After the internet shitstorm she incited led to her termination, she laments, “I felt betrayed. I felt abandoned. I felt ashamed. I felt rejected. I felt alone.’’ Probably not unlike the married father of three she had earlier caused to be fired from his job. But rather than empathize with the man she shamed other than grudgingly, she instead continues to play the victim and blame him for all her woes.
“[H]is own actions that resulted in his own firing, yet he framed it in a way to blame me… If I had a spouse and two kids to support, I certainly would not be telling ‘jokes’ like he was doing at a conference. Oh, but wait, I have compassion, empathy, morals and ethics to guide my daily life choices. I often wonder how people like ‘Hank’ make it through life seemingly unaware of how ‘the other’ lives in the same world he does, but with countless fewer opportunities.
That’s right, she is blaming him for apologizing whilst concurrently refusing to take responsibility for her own actions. If you have to specifically list all of your admirable traits unsolicited, I have a strong suspicion you don’t actually have any. I certainly cannot ascertain and abundance of “compassion, empathy, morals and ethics” in Ms. Richards’ words and actions.
If she had any small degree of compassion or empathy, she would’ve at least remembered that the man whose life she tried to ruin had three kids, not two. There is a silver lining, inasmuch as the man she caused to be fired found a new job (in a female-free work place), and Adria had not.
It would be an exercise in futility to point out to her that she seems to spend at least as much time being a professional victim as she does being a “developer,” and such a person is a liability to any company foolish enough to hire her.
Shaming and Victimhood
Both Lindsey Stone and Adria Richards are typical millennial women, albeit from slightly different places on the spectrum of silliness. Both are readily able to blame anyone but themselves, and see fault in anything except their own actions. For both, the passage of two years or so has not led any self-examination or admission of wrong-doing.
The Feminine Imperative endemic in modern western society enables them, while simultaneously blaming every ill on the dreaded white-cis-het-male. So what are we as men to do? We must realize that shaming has had a long history in our social constructs.

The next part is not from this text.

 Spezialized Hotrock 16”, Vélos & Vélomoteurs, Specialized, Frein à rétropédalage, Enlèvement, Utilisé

Dalrock wrote a great post about slut shaming and its role in the SMP of past and present.
Public shaming is something employed in an attempt to modify behavior. Case in point, the poor beta who was the subject of Adria Richards’ public shaming: He admitted wrong-doing, apologized profusely, and showed genuine contrition. He admits the incident has influenced his behavior, specifically “I’m not as friendly. There’s humour, but it’s very mundane. You just don’t know. I can’t afford another Donglegate.”
However, such things are no longer good enough for SJWs. So we modify our behavior, but not in the way they want. As shown by the backlash caused by donglegate, we have the means to fight back against SJWs’ encroachment into our spaces. We must remember that the SJW worldview and inherit solipsism does not allow them to feel shame the same way we do.

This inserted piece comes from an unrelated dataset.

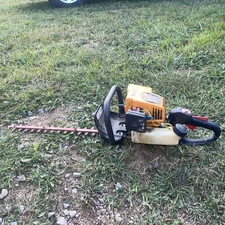 Poulan Pro Hedge Trimmer 25 HHT Gasoline  25cc 22” Runs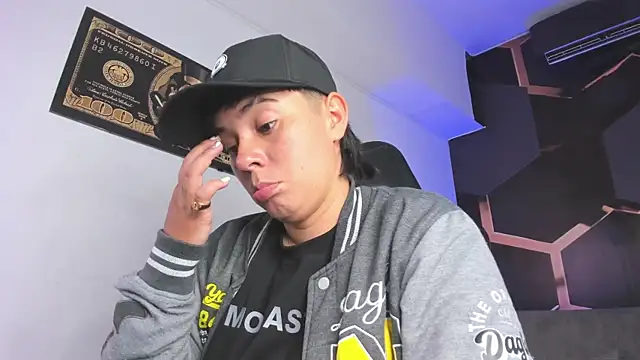 AbbySmiitth  online show from October 13, 7:25 pm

Since part of their currency is the prestige and recognition of being “right-minded”, exposing their hypocrisy and narcissism depletes their pretenses at both.
As evidenced by Ms. Richards and Ms. Stone, Millennial women are indeed quite shameless. Perpetual victims such as them can never be appeased short of a blank check and full societal control. Even pornstars know that they don’t give a shit about actual victims.
Thus, the process of shaming them isn’t to modify their behavior, but rather the behavior of others. As opponents of #Gamergate continually lose credibility, so too do its proponents gain leverage. The SJW cries of “victim blaming” are merely an attempt to absolve people of responsibility for their actions.
Call them on their bullshit. Expose them as the frauds they are. Better yet, hurt their wallets.